In China, CS0159 has completed Phase II clinical studies for PBC, demonstrating significant efficacy and good safety. CS0159's unique mechanism of action not only effectively improves cholestasis but also significantly reduces hepatocyte injury, while avoiding the drug-induced liver injury seen with traditional FXR agonists.

Clinical data show that, compared to the two drugs approved in the US last year for PBC (elafibranor and seladelpar), CS0159 provides superior protection of hepatocyte function and bile duct function.

Recently, CS0159 received FDA Breakthrough Therapy designation and Orphan Drug designation for PBC, paving the way for subsequent global clinical development and commercialization.

In China, Phase III clinical studies for PBC are about to launch, which will further validate CS0159's efficacy and safety in a larger patient population.

Xu added that the candidate molecule shows good efficacy in restoring intestinal inflammation caused by bile acid dysregulation. "It comes back to the fundamentals — excess bile acids are toxic, and metabolic dysregulation damages the intestine and triggers or exacerbates inflammation."

Over the past two years, with the rise of drugs like semaglutide, the weight-loss track has become a focal point. Cascadia's flagship candidate drug has demonstrated significant potential for weight management. Xu pointed out, "Bile acid metabolism has excellent synergy with glucose pathways, so CS0159 in combination with other GLP-1 drugs has tremendous potential. Our existing data shows very good synergy between CS0159 and small-molecule GLP-1 agents."

Xu introduced preclinical data showing that CS0159 can reduce semaglutide dosage by 10-fold while achieving 3-fold greater weight reduction; particularly noteworthy is that CS0159 combined with low-dose semaglutide significantly reduces muscle loss while substantially boosting fat loss effects.

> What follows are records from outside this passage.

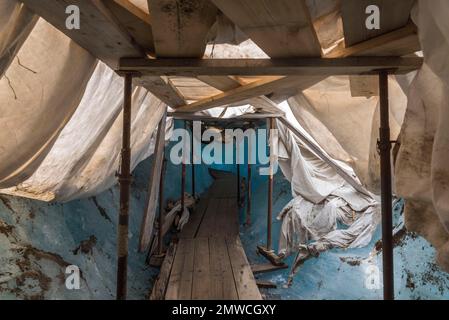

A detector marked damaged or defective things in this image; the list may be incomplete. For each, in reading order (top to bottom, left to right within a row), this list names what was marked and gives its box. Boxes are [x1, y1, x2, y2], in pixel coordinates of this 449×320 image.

rusty metal pole [116, 72, 132, 300]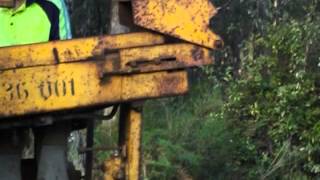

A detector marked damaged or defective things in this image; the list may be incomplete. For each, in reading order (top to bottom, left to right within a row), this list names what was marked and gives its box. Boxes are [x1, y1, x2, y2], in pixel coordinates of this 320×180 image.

rusted metal surface [132, 0, 222, 49]
rusted metal surface [0, 32, 165, 70]
rusted metal surface [0, 59, 188, 117]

Beyond CS0159, Xu also presented Cascadia's self-developed long-acting sustained-release peptide delivery platform. As is well known, GLP-1 peptide agonists require regular injections, and post-dosing often produces high blood drug concentrations that may trigger gastrointestinal adverse reactions such as nausea and vomiting. Cascadia's novel sustained-release platform significantly reduces initial burst release, potentially enabling long-term stable drug release that maintains blood concentration within the therapeutic window while avoiding the risk zone for side effects. This not only effectively reduces side effects but also substantially decreases dosing frequency, thereby significantly improving patient compliance.

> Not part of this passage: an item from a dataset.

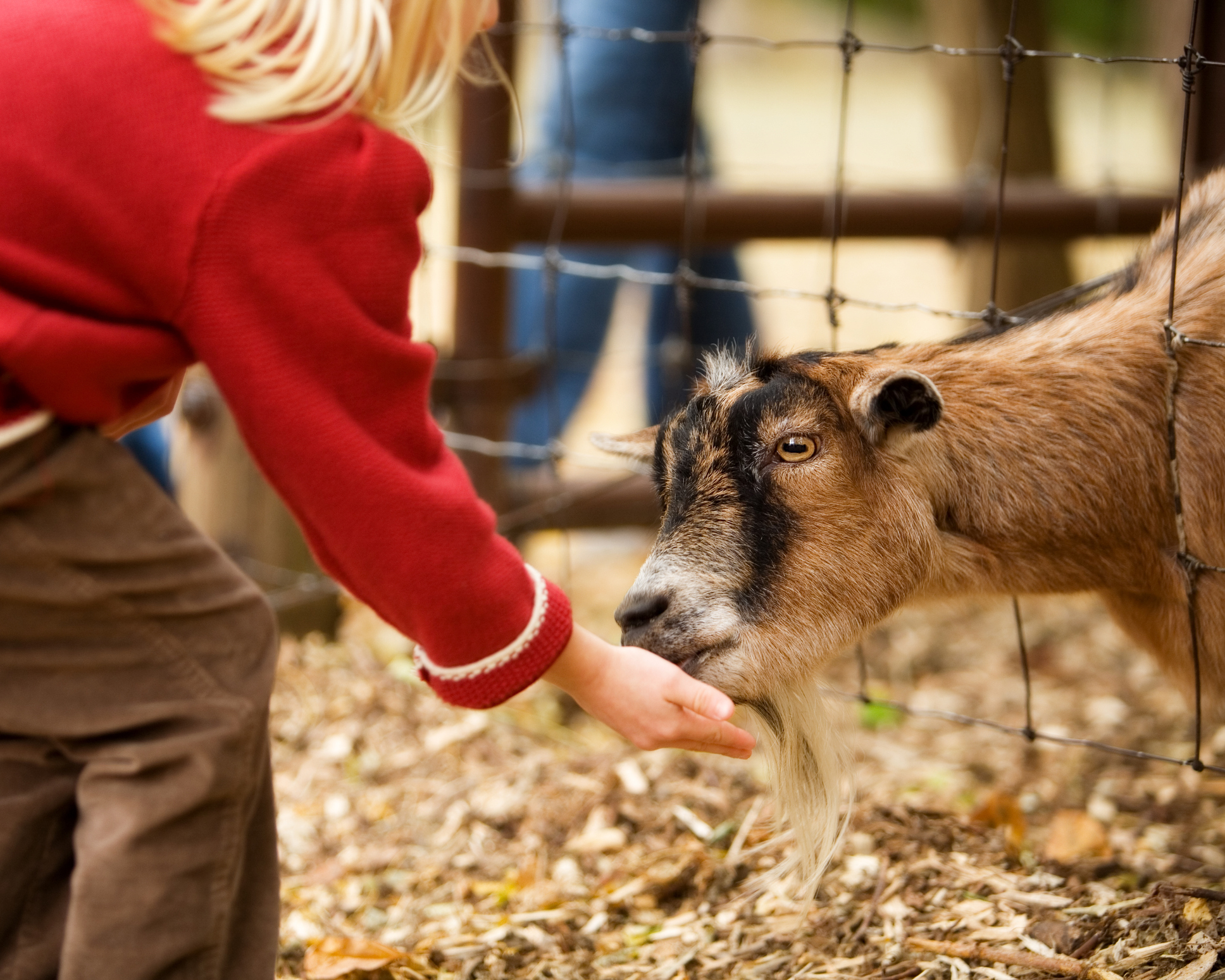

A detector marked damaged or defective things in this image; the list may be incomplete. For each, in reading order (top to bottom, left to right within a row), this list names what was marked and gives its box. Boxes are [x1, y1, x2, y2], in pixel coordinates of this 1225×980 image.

In addition to its core pipeline, Cascadia is actively developing multiple liver disease and metabolic pipelines including novel THR-β agonists (thyroid hormone receptor beta agonists), potentially offering new therapeutic approaches for metabolic diseases through single-agent or combination regimens from different angles.

As more pipeline products advance, the company is building a comprehensive therapeutic platform covering multiple metabolic diseases, with aspirations to become one of the global leaders in this field.

On the path of drug development, everyone at Cascadia Therapeutics holds fast to one belief: every life deserves to be cherished, and every patient deserves our full commitment.

Regarding the current industry buzz around innovative drug business development, Xu maintains his own conviction: "We just need to do the work in front of us well, keep doing it consistently, and believe that BD opportunities will naturally come."